DATA SHOWN Start Marker
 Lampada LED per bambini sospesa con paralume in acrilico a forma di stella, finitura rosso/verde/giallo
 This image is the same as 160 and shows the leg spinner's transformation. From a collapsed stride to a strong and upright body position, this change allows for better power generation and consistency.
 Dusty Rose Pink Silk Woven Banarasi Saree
DATA SHOWN End Marker
DATA SHOWN Start Marker
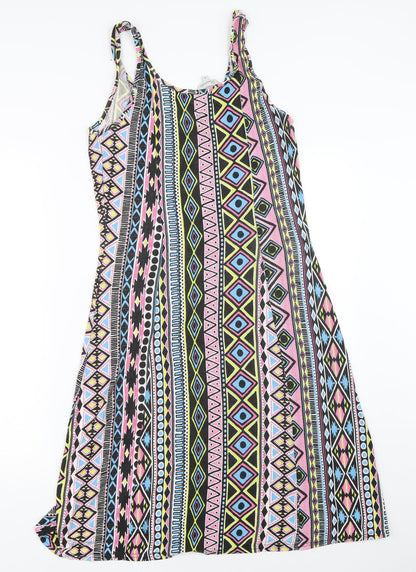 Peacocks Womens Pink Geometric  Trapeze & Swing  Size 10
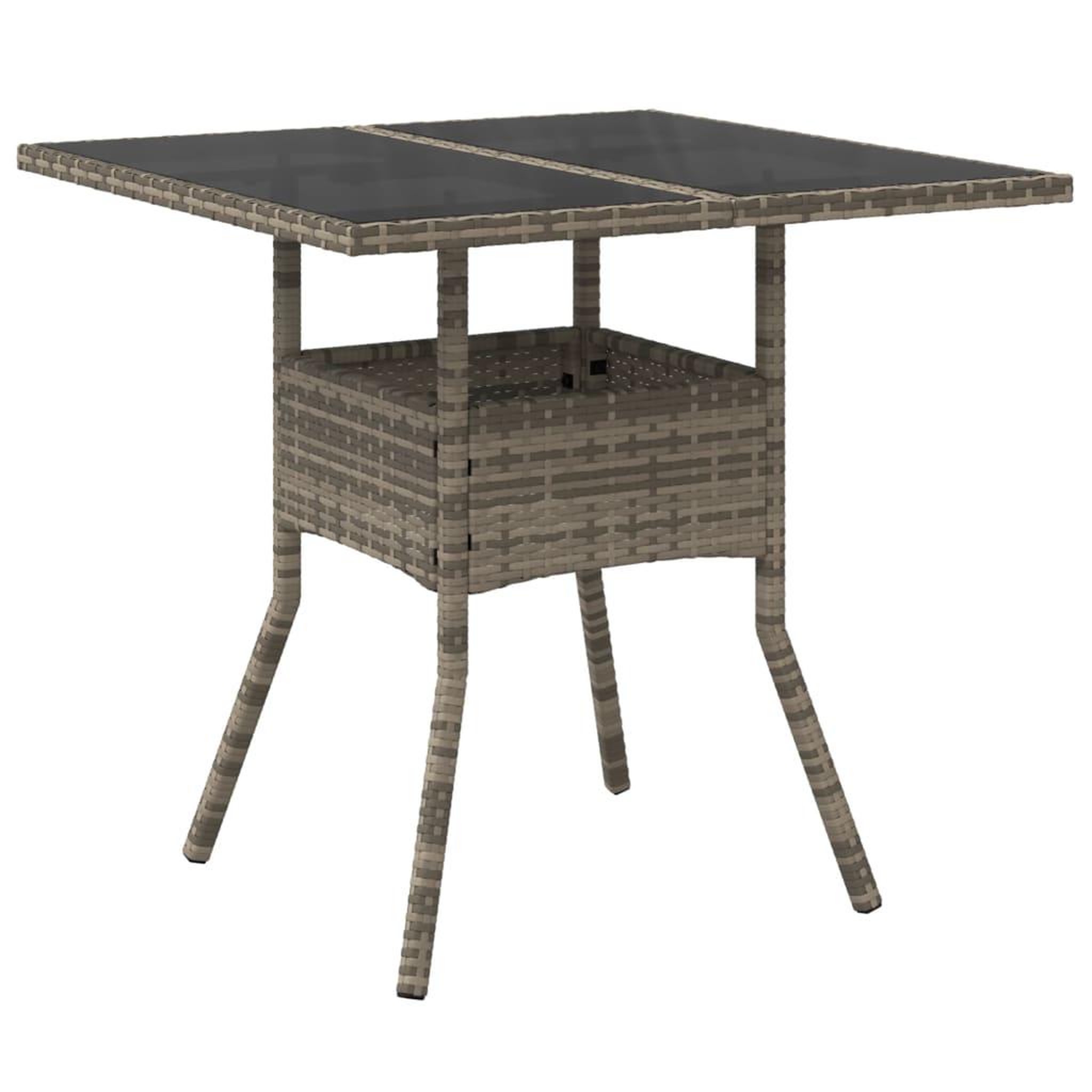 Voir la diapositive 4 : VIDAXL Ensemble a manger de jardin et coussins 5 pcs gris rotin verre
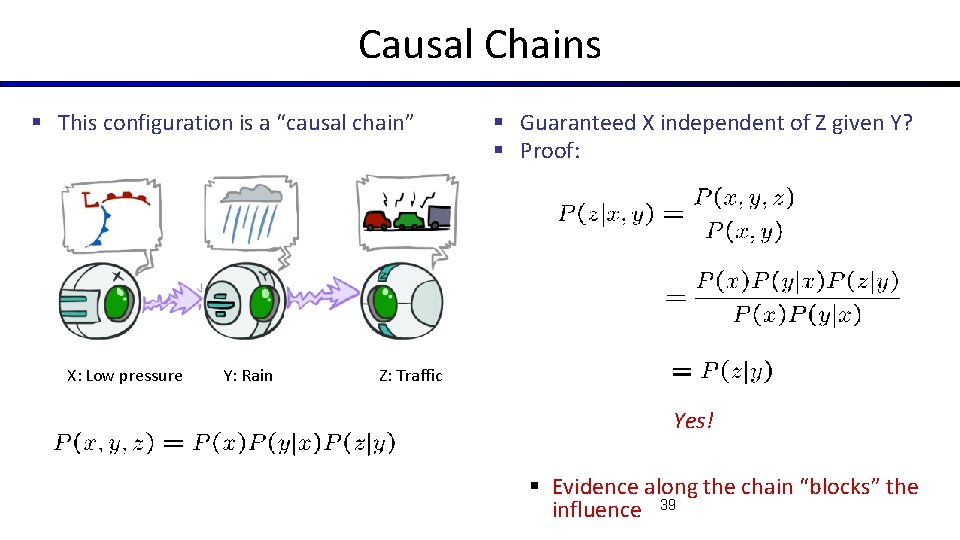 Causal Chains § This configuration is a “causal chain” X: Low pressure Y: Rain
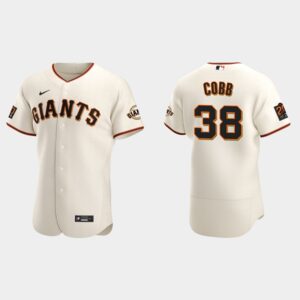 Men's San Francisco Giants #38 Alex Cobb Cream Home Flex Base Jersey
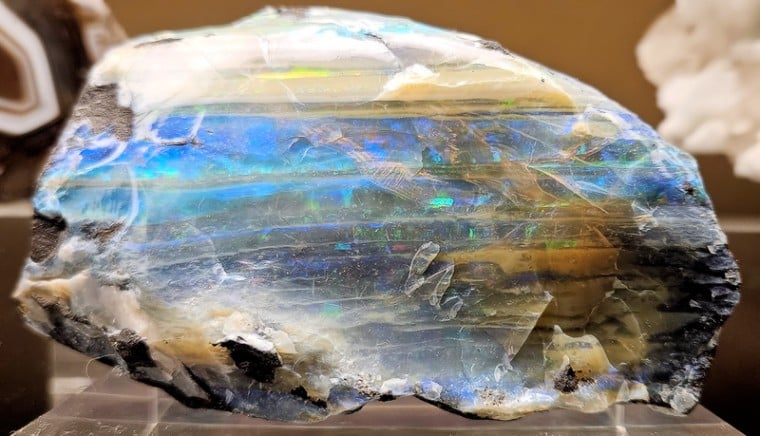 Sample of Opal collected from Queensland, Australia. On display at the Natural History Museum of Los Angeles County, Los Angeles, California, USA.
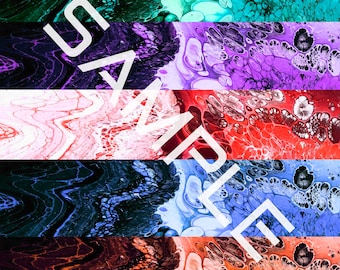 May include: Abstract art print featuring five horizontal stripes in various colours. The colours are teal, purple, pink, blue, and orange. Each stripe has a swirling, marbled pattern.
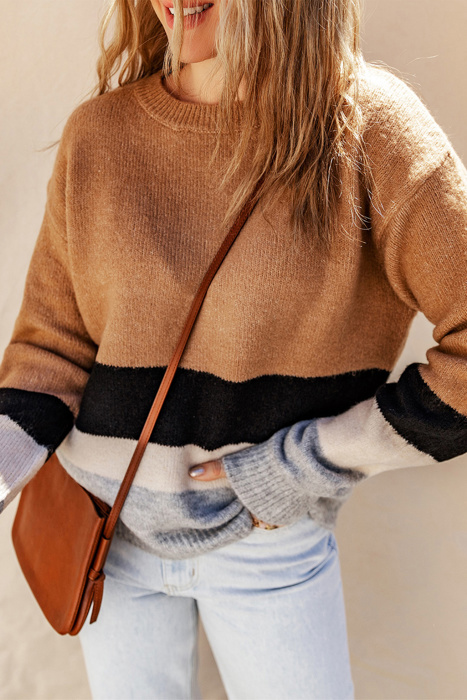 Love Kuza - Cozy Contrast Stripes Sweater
DATA SHOWN End Marker
DATA SHOWN Start Marker
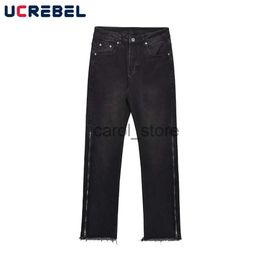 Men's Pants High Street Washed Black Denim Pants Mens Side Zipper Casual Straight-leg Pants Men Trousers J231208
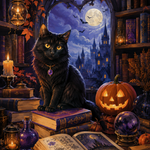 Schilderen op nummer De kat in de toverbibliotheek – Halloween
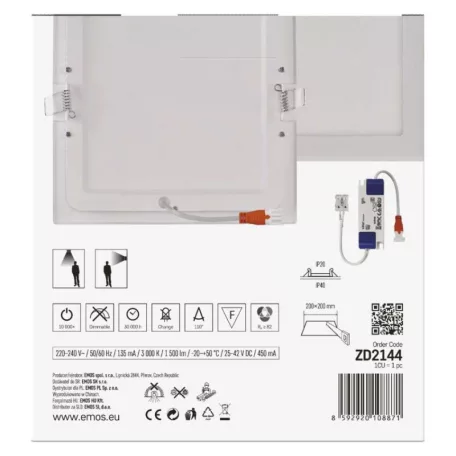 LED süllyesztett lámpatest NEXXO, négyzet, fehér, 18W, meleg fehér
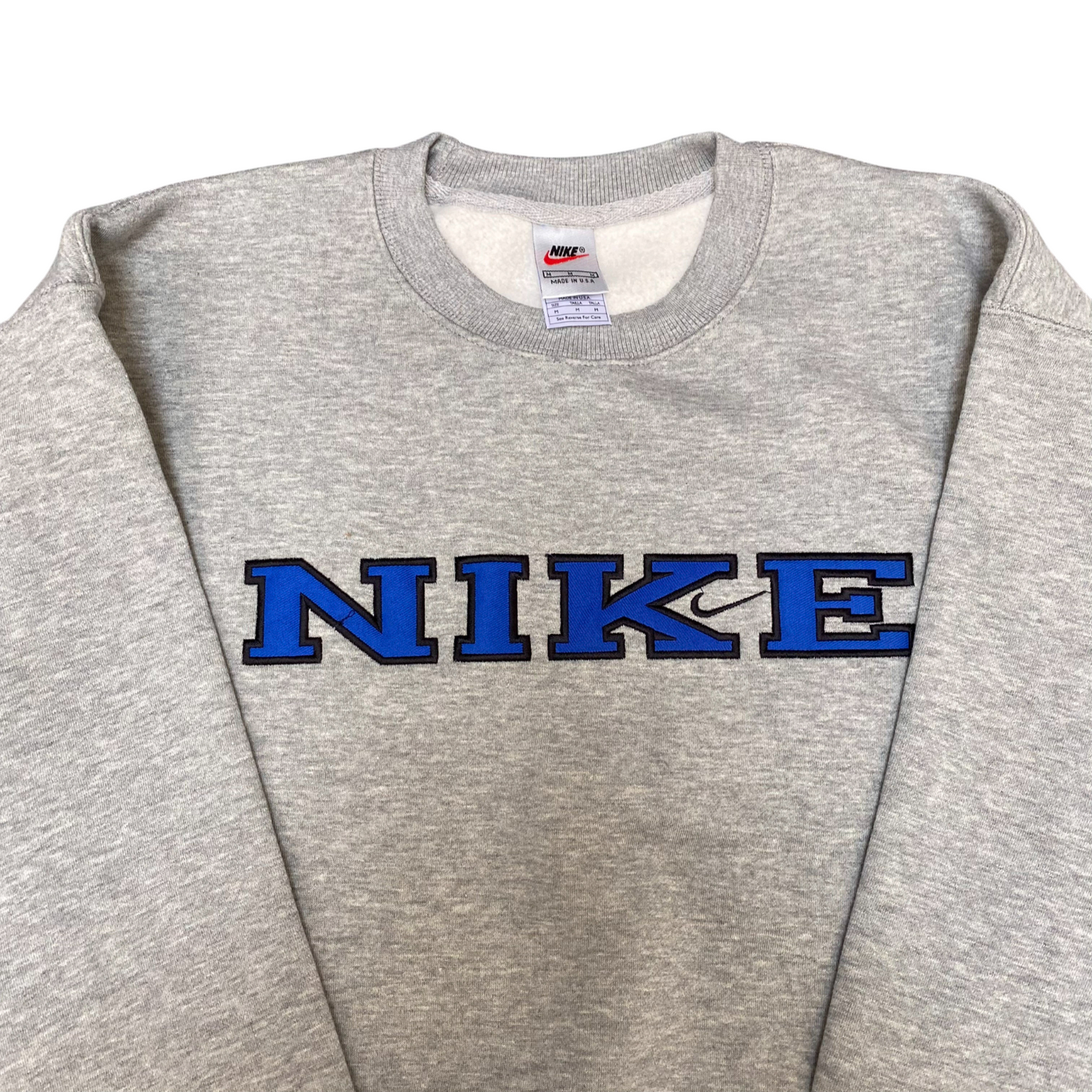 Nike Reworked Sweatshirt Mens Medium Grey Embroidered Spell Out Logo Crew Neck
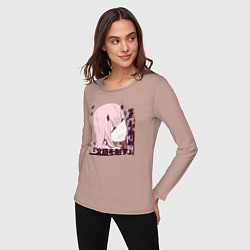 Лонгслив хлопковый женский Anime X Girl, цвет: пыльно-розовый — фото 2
DATA SHOWN End Marker
PROMPT >> Starting at the line that contains "Lampada LED per" and stopping after the line that contains "Dusty Rose Pink Silk Woven Banarasi Saree", write out every line exactly as it appears above, and no other line.

FINISHED EXERCISE >>
 Lampada LED per bambini sospesa con paralume in acrilico a forma di stella, finitura rosso/verde/giallo
 This image is the same as 160 and shows the leg spinner's transformation. From a collapsed stride to a strong and upright body position, this change allows for better power generation and consistency.
 Dusty Rose Pink Silk Woven Banarasi Saree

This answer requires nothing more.